Re: Absolutely empty resultset regardless of what I am searching for

Posted by MitchK <mi...@web.de>.
The problem was a wrong incrementToken-implementation. 

Now TermsComponent as well as Luke are showing expected responses for every
field.

However: What could be wrong, when some terms of a field are not searchable?
Here is my query: solr/select/?q=titleSemantic:Me

Let me show you a response of TermsComponent:

------------------------------------------------
<response>
−
<lst name="responseHeader">
<int name="status">0</int>
<int name="QTime">0</int>
</lst>
−
<lst name="terms">
−
<lst name="titleSemantic">
<int name="contemplat">1</int>
<int name="me">1</int>
<int name="snakes">1</int>
<int name="te">1</int>
<int name="your">1</int>
</lst>
</lst>
</response>
---------------------------------
The schema.xml:

	<field name="titleProcessed" type="Processed" indexed="true"
stored="false"/>
        <field name="titleSynonyms" type="Synonym" indexed="true"
stored="false"/>
	<field name="titleSemantic" type="Semantic" indexed="true" stored="false"/>

 <uniqueKey>ID</uniqueKey>

 <defaultSearchField>titleMain</defaultSearchField>
---------------------------------

Thank you!
It's the first time I am setting up a Solr-Server on my own - sorry, if some
questions might be stupid ;).

Kind regards
- Mitch
-- 
View this message in context: http://n3.nabble.com/Absolutely-empty-resultset-regardless-of-what-I-am-searching-for-tp683866p686081.html
Sent from the Solr - User mailing list archive at Nabble.com.
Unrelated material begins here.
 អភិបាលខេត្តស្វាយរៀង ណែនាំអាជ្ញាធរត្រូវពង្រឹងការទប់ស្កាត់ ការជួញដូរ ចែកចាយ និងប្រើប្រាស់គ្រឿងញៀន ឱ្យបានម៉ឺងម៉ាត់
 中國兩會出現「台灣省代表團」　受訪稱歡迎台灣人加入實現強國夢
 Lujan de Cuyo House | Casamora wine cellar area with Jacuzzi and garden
Re: Absolutely empty resultset regardless of what I am searching for

Posted by MitchK <mi...@web.de>.
I have tried another thing: I have skipped the problematic ID 56 and set the
query to SELECT... FROM... WHERE ID BETWEEN 60 AND 100 - now it works for
the lines 60-83.

That means my title-field has indexed the terms of the lines 60-83. 
The 84th line has no problematic letters.

What a bother!
-- 
View this message in context: http://n3.nabble.com/Absolutely-empty-resultset-regardless-of-what-I-am-searching-for-tp683866p685724.html
Sent from the Solr - User mailing list archive at Nabble.com.
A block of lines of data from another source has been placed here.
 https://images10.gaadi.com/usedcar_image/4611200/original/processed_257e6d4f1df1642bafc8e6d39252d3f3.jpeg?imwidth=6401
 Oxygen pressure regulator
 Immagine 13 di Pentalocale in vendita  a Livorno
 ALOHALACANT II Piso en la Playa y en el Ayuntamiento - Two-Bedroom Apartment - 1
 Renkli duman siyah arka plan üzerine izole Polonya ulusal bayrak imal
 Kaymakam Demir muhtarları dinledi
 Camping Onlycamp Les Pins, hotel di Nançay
Re: Absolutely empty resultset regardless of what I am searching for

Posted by MitchK <mi...@web.de>.
So, the CSV-update fails. I have no idea whats wrong with that file, but it
shouts, that there is something wrong encapsuled. It seems to be the same
mistake as it is mentioned here:
http://markmail.org/message/lo3vztzezyuc6h3w#query:solr%20csv%20invalid%20char%20between%20encapsulated%20token%20end%20delimiter+page:1+mid:lo3vztzezyuc6h3w+state:results

However, this don't help and is stuff for another topic - I only mention
that, because I have said I will try it.

Beeing busy and confused yesterday, I have copied old schema.xml-information
to you..., sorry.
I should drink some more coffee, right?
There is one modification to the xml-schema. It's a custom filter, a special
variant of the stopword-filter.
This filter cuts the input-phrases in a special way. That means, whenever a
stopword occurs, it deletes words related to the stopword as well.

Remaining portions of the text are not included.